Accumulations of Fossils of the Whale Barnacle Coronula bifida Bronn, 1831 (Thoracica: Coronulidae) Provides Evidence of a Late Pliocene Cetacean Migration Route through the Straits of Taiwan

John Stewart Buckeridge1, Benny K.K. Chan2, and Shih-Wei Lee3,*

1Marine & Geological Systems Group, RMIT, Australia. E-mail: john.buckeridge@rmit.edu.au
2Biodiversity Research Center, Academia Sinica, Taipei, Taiwan.

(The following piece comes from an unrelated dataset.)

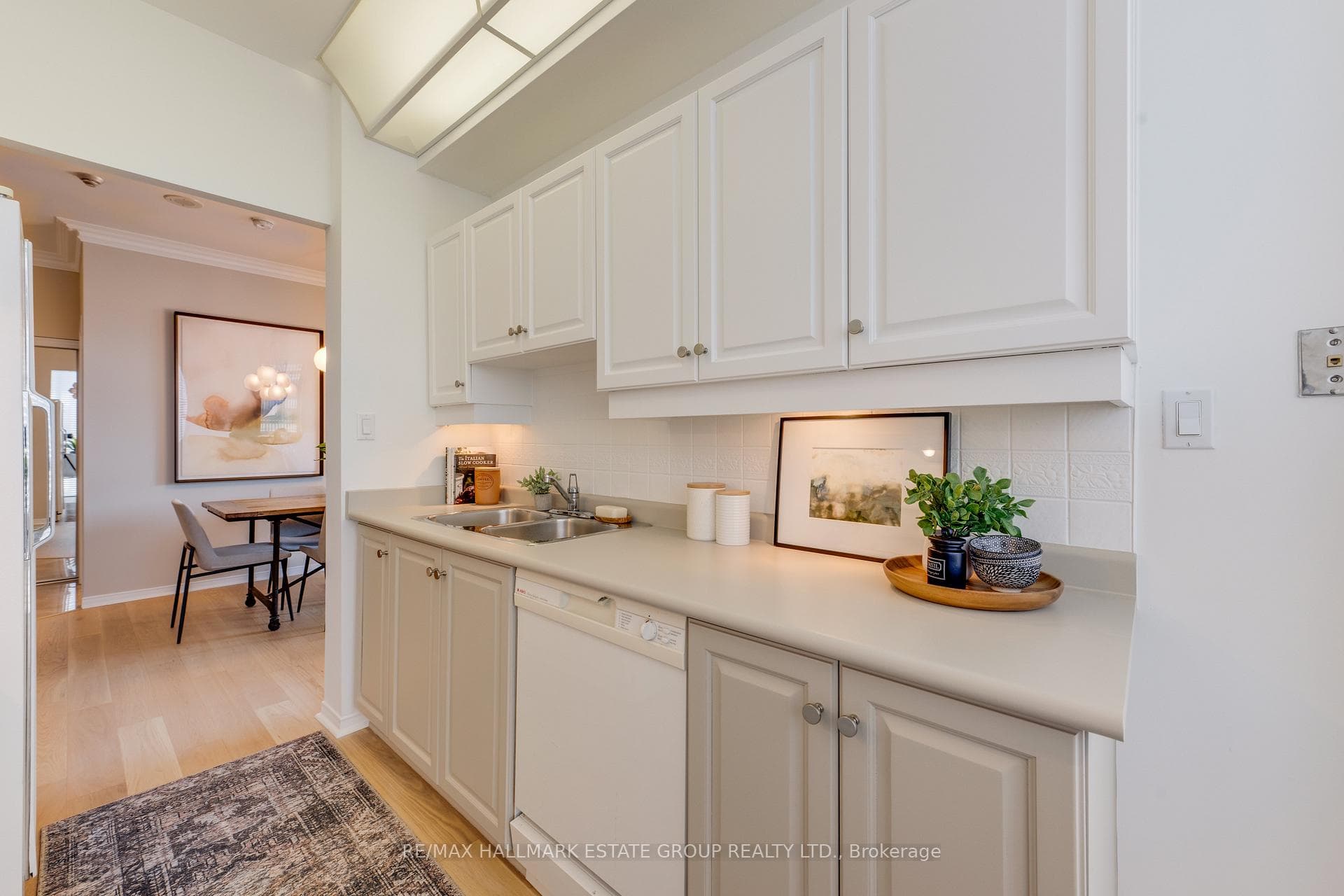 38 Avoca Avenue Unit 1508 photo 18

E-mail: chankk@gate.sinica.edu.tw
3National Museum of Marine Science & Technology, Keelung, Taiwan

(Received 19 September 2018; Accepted 11 October 2018; Communicated by Yoko Nozawa)

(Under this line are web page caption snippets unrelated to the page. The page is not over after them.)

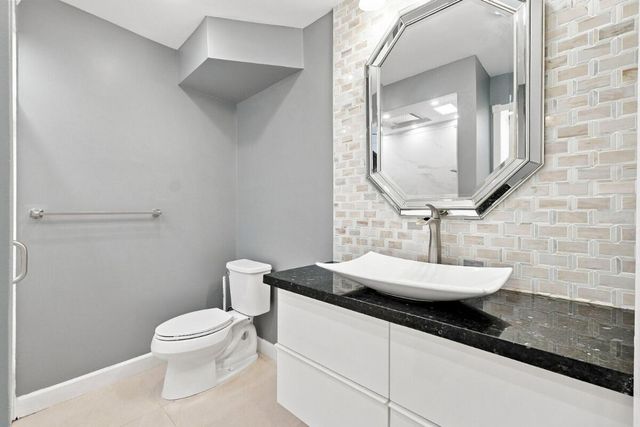 3017 N Oakland Forest Drive 102, Oakland Park, FL 33309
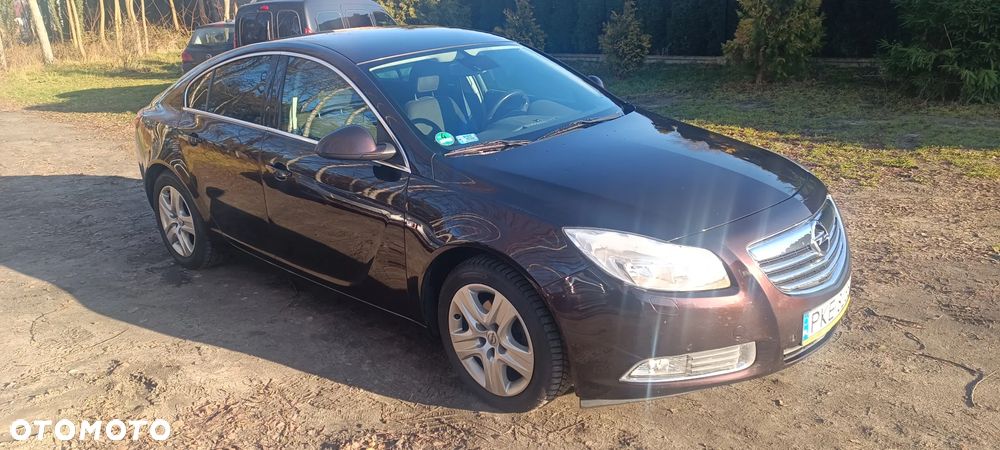 Opel Insignia 1.8 - 12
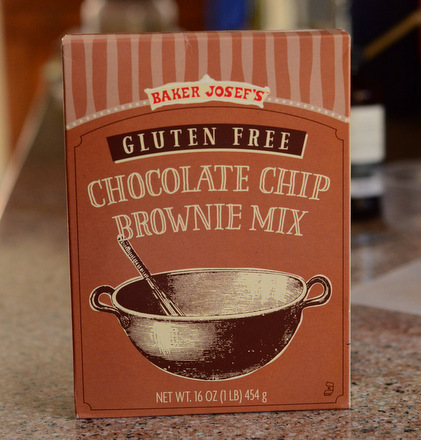 Trader Joe's Gluten Free Chocolate Chip Brownie Mix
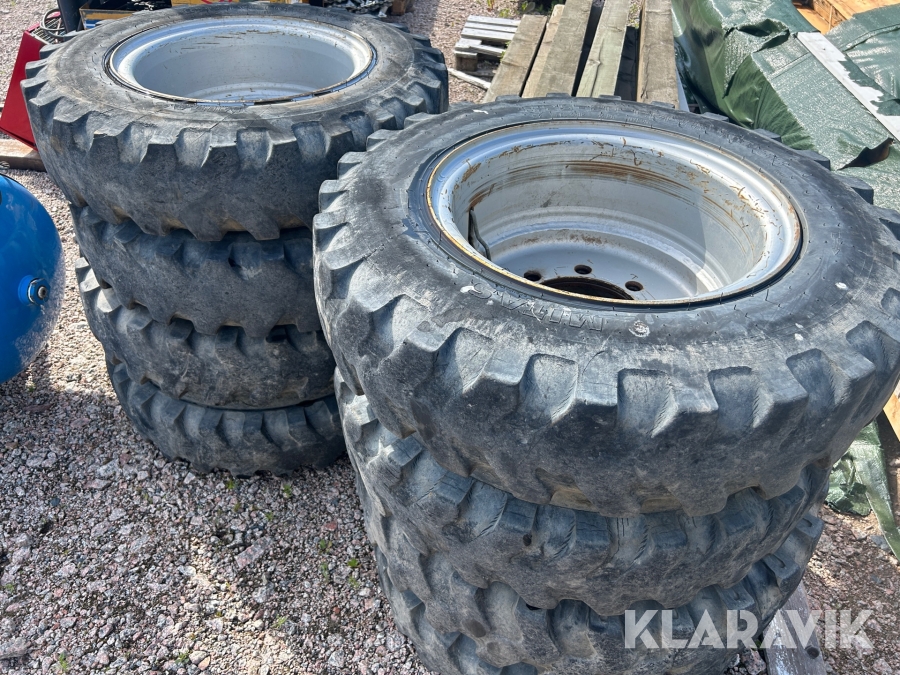 Däck med fälg Mitas 8,25-20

John Stewart Buckeridge, Benny K.K. Chan, and Shih-Wei Lee (2018) This paper describes a remarkably prolific accumulation of the whale barnacle Coronula bifida Bronn, 1831 in sediments of late Pliocene to earliest Pleistocene age from central Taiwan. Extant Coronula is host-specific to baleen whales; as such, this accumulation of Coronula fossils represents a site where cetaceans congregated during the Plio-Pleistocene - perhaps for breeding. Although whale bones are found at the site, they are rare and fragmentary; the relatively robust shells of Coronula are thus a useful proxy for establishing ancient cetacean migration routes.

Key words: Coronula bifida, Whale barnacles, Plio-Pleistocene, Fossil, Taiwan.